Record extracts START

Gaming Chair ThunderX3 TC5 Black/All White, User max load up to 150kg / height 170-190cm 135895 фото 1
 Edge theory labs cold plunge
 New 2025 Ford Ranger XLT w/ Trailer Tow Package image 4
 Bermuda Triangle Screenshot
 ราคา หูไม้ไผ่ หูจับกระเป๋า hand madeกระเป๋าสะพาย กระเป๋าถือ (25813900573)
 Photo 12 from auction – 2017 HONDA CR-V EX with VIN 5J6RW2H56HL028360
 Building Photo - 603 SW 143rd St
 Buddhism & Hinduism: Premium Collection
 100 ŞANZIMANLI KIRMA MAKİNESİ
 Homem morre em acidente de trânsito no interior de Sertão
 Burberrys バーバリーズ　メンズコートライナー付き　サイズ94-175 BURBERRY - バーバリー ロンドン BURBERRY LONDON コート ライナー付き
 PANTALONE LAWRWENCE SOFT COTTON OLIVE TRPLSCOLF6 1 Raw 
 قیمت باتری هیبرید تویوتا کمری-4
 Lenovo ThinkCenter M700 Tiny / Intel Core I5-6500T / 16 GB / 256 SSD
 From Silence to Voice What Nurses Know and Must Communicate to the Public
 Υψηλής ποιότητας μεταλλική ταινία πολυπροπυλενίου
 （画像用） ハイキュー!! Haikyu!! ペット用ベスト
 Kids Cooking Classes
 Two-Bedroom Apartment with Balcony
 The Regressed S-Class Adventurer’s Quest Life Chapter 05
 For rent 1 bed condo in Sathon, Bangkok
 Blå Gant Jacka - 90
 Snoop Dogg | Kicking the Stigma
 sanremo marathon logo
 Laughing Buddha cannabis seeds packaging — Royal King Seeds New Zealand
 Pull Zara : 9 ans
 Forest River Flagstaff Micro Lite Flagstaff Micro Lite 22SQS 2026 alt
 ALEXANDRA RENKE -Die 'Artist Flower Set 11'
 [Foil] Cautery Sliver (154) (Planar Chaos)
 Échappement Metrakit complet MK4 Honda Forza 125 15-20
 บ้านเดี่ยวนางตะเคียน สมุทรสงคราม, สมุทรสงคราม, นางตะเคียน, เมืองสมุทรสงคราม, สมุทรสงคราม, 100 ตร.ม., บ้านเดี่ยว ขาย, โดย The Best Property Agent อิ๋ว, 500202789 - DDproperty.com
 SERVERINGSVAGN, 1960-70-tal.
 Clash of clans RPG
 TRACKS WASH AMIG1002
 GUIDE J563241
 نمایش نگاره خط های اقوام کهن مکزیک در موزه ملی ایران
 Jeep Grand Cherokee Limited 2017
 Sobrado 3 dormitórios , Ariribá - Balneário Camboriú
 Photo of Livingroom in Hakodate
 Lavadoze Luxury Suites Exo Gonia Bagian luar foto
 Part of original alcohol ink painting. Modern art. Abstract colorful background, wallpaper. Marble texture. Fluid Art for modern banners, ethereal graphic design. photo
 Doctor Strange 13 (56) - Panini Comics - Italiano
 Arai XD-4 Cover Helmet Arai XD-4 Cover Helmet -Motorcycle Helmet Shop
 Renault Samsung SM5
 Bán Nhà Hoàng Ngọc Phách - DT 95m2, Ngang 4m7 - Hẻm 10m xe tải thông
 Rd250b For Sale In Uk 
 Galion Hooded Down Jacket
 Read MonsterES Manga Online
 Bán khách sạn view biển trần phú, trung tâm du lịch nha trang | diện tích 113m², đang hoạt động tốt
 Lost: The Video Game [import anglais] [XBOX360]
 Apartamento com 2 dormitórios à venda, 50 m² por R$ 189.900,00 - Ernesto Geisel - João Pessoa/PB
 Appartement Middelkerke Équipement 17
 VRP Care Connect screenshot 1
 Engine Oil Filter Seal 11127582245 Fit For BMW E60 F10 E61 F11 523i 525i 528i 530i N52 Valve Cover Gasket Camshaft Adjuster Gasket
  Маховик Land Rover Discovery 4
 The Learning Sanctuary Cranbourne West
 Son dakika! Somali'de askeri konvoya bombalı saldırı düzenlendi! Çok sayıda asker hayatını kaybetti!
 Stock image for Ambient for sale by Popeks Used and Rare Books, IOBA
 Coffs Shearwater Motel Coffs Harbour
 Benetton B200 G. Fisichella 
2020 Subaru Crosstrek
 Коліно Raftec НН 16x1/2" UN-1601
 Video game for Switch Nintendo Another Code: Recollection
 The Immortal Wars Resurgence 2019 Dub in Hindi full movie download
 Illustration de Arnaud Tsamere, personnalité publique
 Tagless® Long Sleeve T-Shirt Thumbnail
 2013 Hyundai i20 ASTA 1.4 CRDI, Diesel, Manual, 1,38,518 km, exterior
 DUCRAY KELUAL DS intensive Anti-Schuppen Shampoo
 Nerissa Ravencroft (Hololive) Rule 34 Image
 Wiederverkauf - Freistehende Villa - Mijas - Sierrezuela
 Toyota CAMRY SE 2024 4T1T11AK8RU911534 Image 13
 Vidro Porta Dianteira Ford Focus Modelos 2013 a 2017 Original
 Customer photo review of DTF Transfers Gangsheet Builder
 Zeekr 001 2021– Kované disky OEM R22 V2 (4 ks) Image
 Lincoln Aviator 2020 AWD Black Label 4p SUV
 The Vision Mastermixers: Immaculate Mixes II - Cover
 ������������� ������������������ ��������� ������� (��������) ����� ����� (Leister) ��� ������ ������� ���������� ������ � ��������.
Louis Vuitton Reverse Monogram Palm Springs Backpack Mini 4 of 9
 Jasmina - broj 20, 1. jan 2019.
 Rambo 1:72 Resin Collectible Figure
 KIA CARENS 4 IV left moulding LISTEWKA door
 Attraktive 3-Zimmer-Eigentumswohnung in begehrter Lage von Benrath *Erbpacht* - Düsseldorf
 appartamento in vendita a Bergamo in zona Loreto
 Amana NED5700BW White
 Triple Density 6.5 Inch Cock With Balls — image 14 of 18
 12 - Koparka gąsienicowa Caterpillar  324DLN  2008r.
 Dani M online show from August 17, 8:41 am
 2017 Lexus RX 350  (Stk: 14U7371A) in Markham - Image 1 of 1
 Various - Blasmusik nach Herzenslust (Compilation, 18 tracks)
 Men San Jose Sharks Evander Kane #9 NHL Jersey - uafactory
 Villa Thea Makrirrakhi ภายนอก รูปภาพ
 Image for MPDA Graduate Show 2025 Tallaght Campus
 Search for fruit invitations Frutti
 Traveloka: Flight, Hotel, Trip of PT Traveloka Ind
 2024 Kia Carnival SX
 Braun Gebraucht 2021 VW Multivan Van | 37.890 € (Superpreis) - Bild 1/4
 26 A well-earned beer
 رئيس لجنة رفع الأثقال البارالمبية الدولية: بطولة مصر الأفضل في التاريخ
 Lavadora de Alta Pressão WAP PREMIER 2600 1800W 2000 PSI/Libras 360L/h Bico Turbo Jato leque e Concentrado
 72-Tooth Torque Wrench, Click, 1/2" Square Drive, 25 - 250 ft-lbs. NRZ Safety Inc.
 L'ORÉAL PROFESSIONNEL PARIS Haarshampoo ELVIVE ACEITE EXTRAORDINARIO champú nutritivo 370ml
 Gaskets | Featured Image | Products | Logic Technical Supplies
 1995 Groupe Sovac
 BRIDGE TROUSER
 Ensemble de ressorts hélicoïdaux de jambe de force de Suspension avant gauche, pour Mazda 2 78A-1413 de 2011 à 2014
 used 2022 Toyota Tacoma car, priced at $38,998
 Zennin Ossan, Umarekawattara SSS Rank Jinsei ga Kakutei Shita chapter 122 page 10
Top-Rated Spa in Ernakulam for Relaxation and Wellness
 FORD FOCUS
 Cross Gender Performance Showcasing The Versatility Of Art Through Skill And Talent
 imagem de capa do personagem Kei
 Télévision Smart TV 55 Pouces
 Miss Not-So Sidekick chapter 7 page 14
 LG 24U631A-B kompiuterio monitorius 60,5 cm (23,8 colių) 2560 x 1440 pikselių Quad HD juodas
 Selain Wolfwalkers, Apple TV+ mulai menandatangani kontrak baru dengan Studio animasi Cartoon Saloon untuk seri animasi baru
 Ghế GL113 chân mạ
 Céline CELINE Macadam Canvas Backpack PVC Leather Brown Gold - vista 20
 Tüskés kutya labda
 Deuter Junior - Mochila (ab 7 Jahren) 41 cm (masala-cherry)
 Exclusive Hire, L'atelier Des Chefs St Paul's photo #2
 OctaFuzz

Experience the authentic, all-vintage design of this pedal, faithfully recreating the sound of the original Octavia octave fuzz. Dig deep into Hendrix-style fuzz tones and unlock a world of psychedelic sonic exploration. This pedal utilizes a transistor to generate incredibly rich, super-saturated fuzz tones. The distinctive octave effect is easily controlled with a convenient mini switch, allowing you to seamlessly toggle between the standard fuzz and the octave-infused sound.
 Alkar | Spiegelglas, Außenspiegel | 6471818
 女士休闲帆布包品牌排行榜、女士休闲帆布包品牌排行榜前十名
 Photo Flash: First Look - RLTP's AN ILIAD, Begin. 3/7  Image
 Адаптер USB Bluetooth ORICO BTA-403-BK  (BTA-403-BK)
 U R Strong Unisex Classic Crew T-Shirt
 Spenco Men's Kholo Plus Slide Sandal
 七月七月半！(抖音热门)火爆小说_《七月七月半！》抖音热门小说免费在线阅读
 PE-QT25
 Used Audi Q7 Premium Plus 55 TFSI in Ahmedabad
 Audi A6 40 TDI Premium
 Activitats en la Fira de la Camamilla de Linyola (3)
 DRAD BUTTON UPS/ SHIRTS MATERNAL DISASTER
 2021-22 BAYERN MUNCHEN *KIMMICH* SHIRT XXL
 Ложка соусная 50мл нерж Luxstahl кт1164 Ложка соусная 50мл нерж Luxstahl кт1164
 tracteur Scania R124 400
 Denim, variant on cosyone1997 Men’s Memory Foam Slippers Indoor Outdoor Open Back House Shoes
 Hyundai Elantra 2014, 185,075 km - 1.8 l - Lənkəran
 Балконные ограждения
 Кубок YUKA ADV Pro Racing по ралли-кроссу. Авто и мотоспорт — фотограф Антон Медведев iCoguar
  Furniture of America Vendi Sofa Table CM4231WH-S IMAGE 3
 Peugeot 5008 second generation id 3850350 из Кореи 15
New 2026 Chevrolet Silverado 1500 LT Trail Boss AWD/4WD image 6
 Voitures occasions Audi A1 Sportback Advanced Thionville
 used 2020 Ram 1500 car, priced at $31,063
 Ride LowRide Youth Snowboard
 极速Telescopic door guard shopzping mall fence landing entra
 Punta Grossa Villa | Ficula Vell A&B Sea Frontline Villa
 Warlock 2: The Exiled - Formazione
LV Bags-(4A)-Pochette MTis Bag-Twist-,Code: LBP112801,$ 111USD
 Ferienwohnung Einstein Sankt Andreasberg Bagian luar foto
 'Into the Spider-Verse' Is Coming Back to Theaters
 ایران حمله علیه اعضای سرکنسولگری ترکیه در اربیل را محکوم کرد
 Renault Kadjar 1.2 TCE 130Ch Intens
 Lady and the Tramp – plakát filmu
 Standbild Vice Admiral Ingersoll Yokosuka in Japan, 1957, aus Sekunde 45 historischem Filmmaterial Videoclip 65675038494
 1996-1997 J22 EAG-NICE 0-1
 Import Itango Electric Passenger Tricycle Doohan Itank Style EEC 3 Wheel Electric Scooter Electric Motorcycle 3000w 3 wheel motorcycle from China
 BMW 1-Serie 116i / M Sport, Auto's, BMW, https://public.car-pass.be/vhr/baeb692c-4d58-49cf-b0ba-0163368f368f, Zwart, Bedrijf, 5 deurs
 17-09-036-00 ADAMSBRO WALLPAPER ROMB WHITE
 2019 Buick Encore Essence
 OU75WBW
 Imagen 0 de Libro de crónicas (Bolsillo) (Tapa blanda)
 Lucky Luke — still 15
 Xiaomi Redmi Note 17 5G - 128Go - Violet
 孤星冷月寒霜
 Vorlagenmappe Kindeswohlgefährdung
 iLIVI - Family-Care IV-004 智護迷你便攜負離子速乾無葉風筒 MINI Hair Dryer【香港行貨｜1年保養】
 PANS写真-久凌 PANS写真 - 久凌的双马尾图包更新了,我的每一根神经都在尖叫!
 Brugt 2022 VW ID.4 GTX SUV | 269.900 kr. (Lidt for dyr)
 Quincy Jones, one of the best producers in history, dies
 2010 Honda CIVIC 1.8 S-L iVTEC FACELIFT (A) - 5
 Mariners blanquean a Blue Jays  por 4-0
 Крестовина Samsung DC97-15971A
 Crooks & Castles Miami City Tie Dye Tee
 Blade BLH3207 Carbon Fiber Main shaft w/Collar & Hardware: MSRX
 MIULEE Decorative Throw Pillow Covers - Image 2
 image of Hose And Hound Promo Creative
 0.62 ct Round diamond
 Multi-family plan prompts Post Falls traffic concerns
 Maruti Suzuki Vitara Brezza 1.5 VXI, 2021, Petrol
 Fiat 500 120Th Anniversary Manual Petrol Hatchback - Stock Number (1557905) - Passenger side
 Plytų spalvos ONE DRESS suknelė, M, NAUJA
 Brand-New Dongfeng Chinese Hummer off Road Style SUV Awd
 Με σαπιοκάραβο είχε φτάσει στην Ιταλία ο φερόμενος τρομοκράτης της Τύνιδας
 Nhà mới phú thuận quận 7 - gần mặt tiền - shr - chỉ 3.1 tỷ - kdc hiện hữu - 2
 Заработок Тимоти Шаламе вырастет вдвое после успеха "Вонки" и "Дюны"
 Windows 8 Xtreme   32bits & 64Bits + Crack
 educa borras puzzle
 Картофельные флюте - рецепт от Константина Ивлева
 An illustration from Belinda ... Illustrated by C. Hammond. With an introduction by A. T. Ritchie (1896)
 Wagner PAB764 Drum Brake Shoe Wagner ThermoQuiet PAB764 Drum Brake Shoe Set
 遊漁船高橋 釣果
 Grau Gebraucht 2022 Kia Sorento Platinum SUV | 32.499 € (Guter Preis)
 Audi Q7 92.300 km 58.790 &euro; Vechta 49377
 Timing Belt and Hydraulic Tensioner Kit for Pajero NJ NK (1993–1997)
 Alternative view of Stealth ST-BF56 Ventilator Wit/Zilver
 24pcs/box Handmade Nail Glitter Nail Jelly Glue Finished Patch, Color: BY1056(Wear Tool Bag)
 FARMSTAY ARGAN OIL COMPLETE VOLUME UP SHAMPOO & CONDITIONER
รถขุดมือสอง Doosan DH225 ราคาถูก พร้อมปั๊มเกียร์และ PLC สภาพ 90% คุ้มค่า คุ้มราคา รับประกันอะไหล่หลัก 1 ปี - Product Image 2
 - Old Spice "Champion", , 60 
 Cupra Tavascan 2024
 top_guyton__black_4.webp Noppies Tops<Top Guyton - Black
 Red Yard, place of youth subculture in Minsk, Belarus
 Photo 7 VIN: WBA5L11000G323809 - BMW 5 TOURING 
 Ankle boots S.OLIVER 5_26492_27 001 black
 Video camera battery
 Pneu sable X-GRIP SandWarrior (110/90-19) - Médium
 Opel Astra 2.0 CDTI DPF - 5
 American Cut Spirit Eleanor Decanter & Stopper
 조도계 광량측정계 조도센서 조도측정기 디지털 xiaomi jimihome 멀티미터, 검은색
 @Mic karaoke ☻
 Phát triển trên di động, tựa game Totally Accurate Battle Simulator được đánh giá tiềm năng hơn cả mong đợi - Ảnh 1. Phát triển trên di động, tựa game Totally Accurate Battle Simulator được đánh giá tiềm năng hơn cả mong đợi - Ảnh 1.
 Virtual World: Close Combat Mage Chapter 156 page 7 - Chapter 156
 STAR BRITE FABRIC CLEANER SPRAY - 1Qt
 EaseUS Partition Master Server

Record extracts END

Each line in the data that holds the string "Bagian" must be returned.

 Lavadoze Luxury Suites Exo Gonia Bagian luar foto
 Ferienwohnung Einstein Sankt Andreasberg Bagian luar foto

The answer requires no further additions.